Pakistan Reader# 283, 29 January 2022

Pakistan’s Urea Crisis: Three contributing factors



Commodity crises like wheat and sugar in past have helped the government in earning higher revenues

Ankit Singh

Agriculture contributes 24 per cent of Pakistan’s GDP; it employs roughly half of the employed labour force and also is a major source of foreign exchange earnings. Pakistan external trade is largely furbished by raw materials and semi-finished goods.  Within this, chemicals (including fertilizers) have contributed around 11 per cent to the export basket. 

Pakistan has been self-sufficient with Urea manufacturing. The government provides subsidies and tax incentives for farmers to retain profit margins. Despite the importance of urea to Pakistan’s export basket, and the government’s support for manufacturing, currently, there is a crisis. What has caused the current crisis over urea, and what are the implications?

The current urea crisis is a result of Pakistan’s structural problems and not due to constraints in its industrial capacity. Three major factors seem to have resulted in the current shortage of urea. 

Subsidy and price disparity 
In keeping with the welfare policies, Pakistan provides subsidies to fertilizer producers for accessing cheaper LNG to be used as a feed. Besides, there is a subsidy on imported urea and; in Punjab, the provincial government also gives a cash subsidy. Since there is self-reliance in urea production, the subsidy and tax incentives on fertiliser production create a price disparity with other countries like Iran and Afghanistan, which are crippling under economic sanctions. 

There has been a global surge in the price of commodities; however, Pakistan is not intricately linked to supply change disruptions. While the end-user is supposed to be the farmer in Pakistan, the end user in such artificial crisis tends to be countries like Afghanistan and Iran. 

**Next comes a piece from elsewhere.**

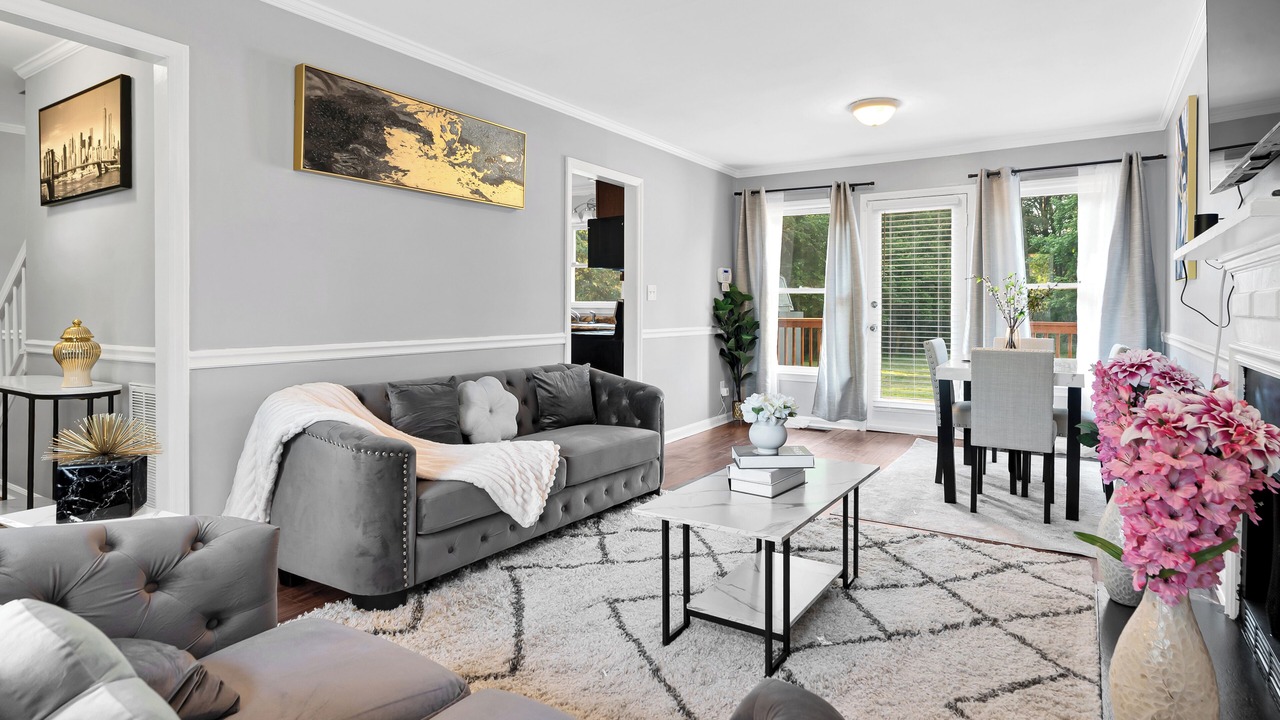Photo of Livingroom in Knightdale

The urge for higher profits and immediate revenues dictates illegal smuggling and hoarding of urea at the expense of struggle and disdain for a farmer in the alluvial plains of Pakistan. 

 

Urea and its connection with the natural gas
As per the Haber-Bosch process, the urea is produced using hydrogen from natural gas and naturally occurring nitrogen. It is one of the most efficient and clean ways of manufacturing urea.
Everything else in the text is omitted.